▶ **Assignment**:
Please reproduce the lines of the records below from the one holding "Tío Nacho Mexican" through the one holding "Okları olan bulut, el", inclusive, skipping all pictures.

[Dataset items]

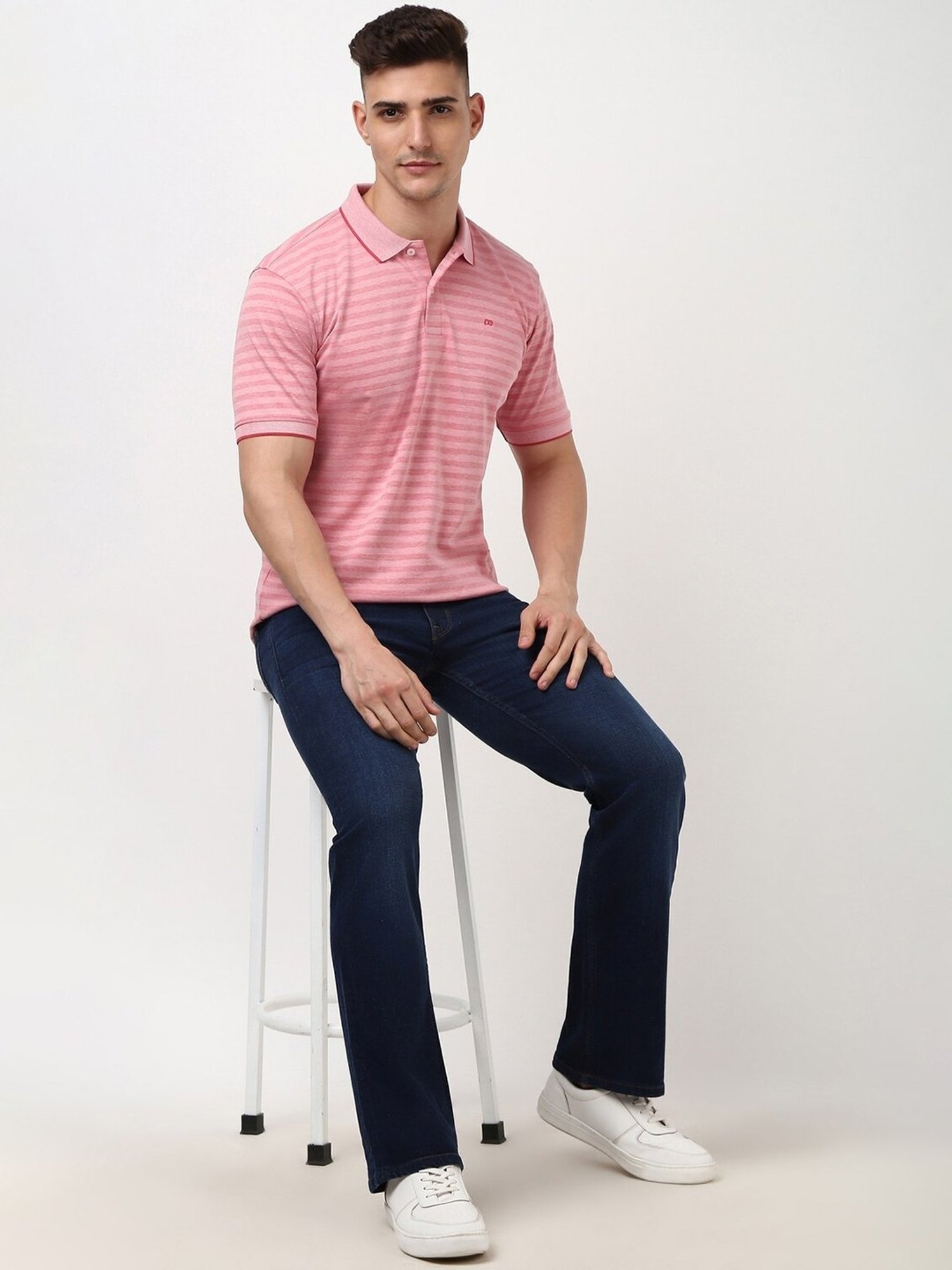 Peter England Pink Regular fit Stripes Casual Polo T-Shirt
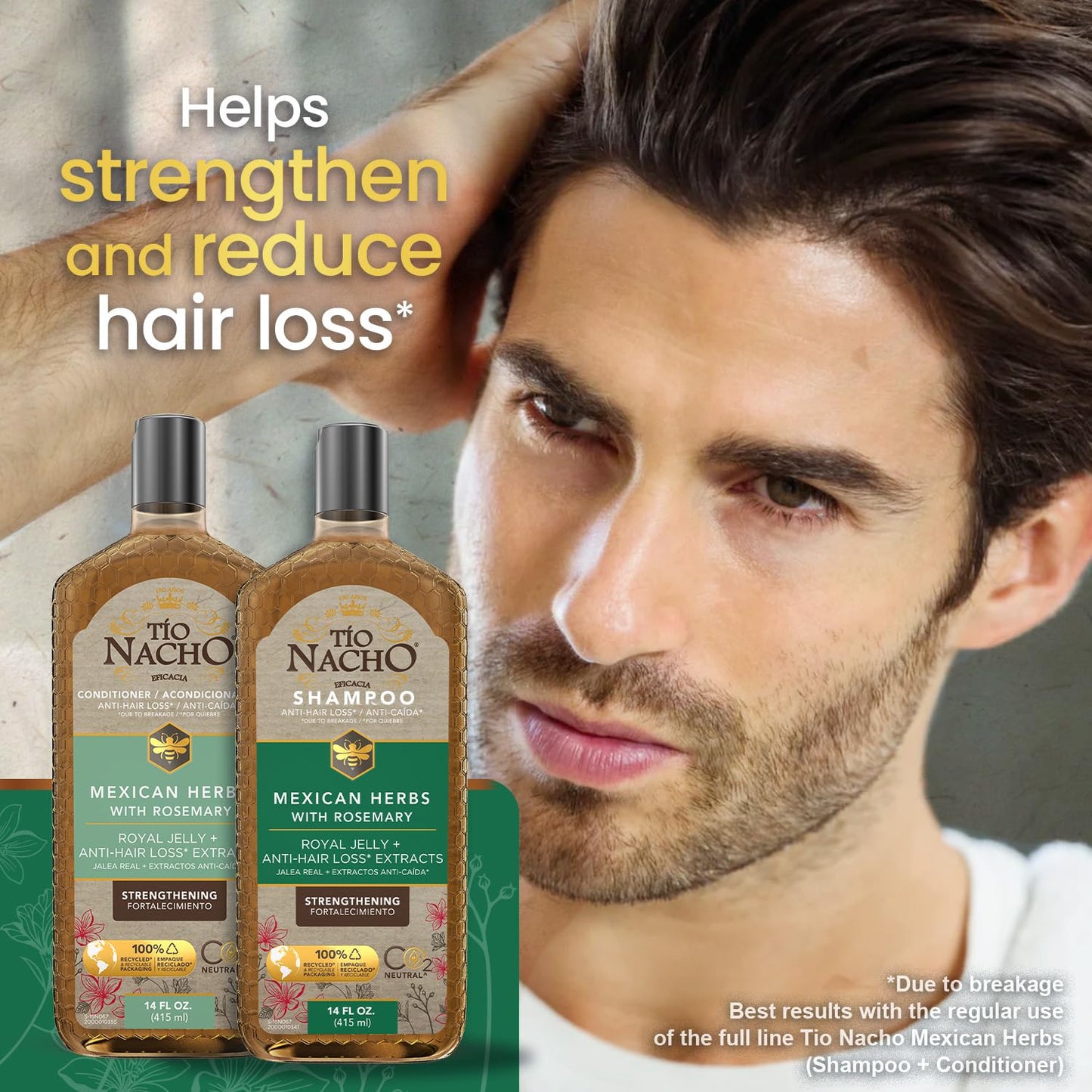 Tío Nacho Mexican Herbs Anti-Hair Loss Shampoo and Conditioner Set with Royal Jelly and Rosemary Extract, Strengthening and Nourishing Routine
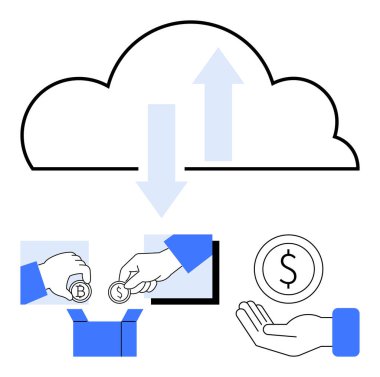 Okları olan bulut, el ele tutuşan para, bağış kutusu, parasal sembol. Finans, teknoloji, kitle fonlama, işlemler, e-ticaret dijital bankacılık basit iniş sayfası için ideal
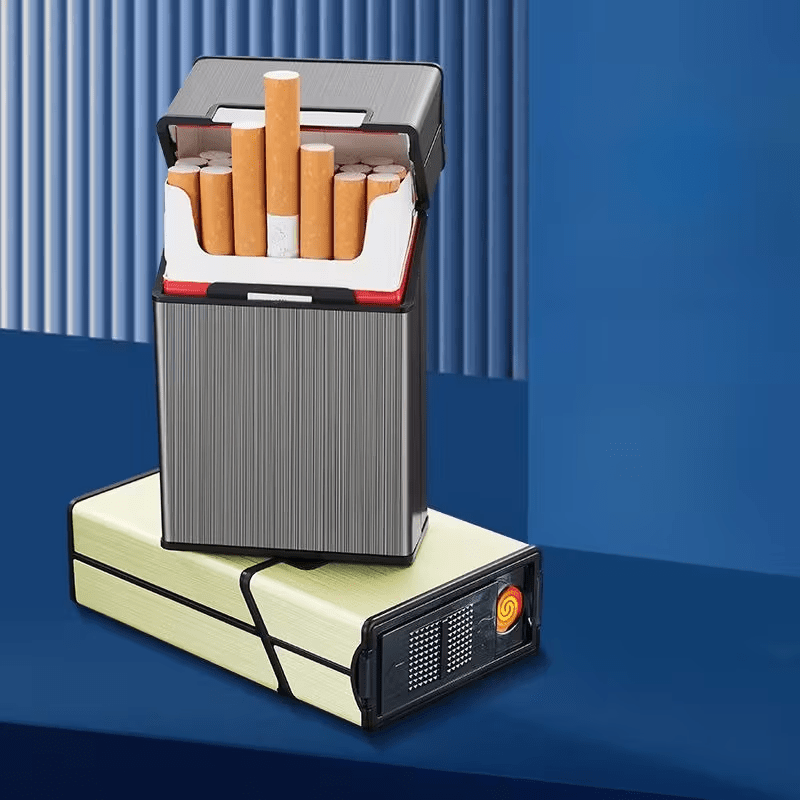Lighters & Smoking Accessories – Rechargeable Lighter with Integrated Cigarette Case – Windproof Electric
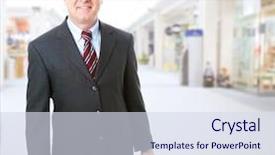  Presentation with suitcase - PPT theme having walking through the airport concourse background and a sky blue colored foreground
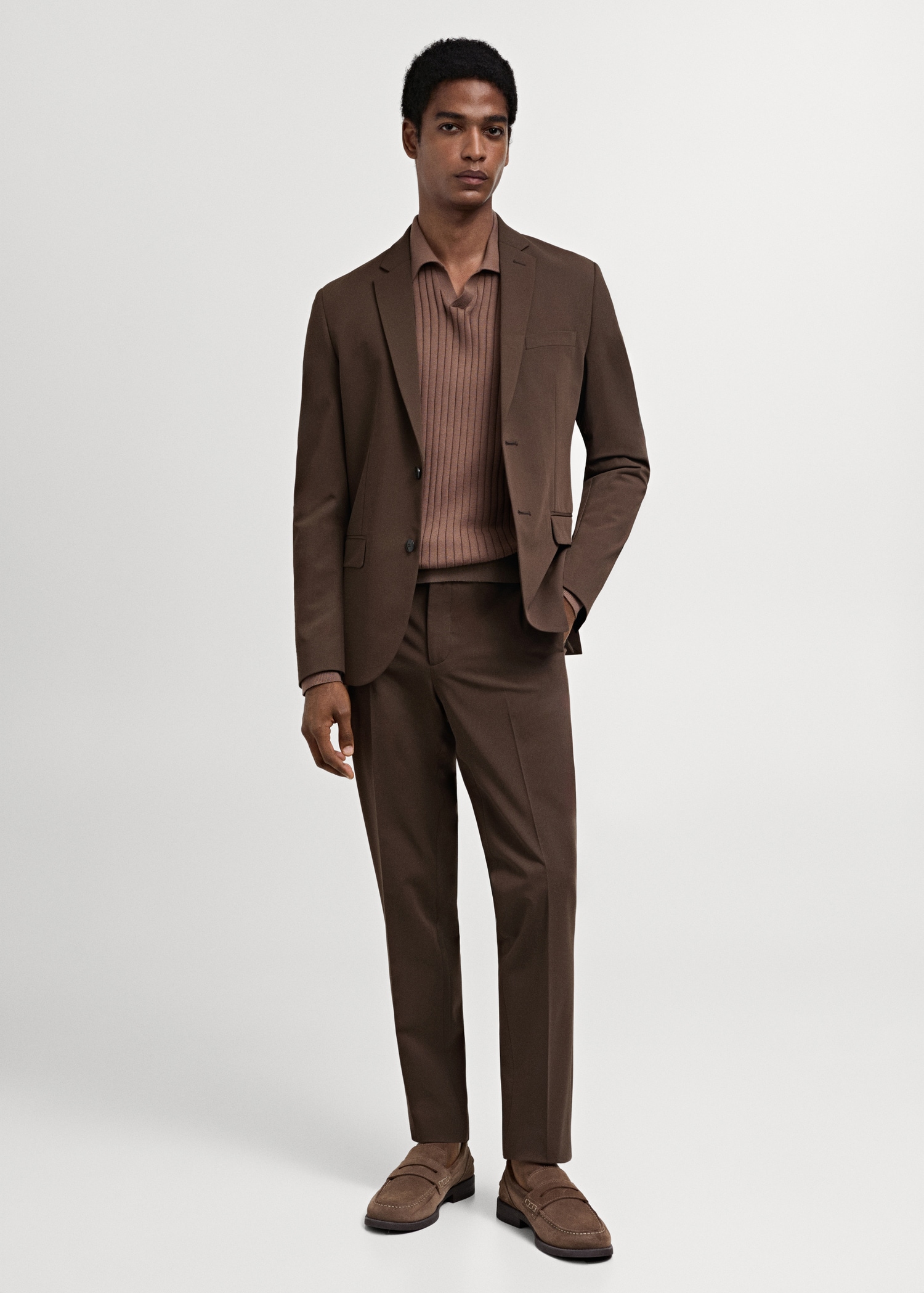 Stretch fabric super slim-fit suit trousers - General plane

▶ **Task output**:
 Tío Nacho Mexican Herbs Anti-Hair Loss Shampoo and Conditioner Set with Royal Jelly and Rosemary Extract, Strengthening and Nourishing Routine
 Okları olan bulut, el ele tutuşan para, bağış kutusu, parasal sembol. Finans, teknoloji, kitle fonlama, işlemler, e-ticaret dijital bankacılık basit iniş sayfası için ideal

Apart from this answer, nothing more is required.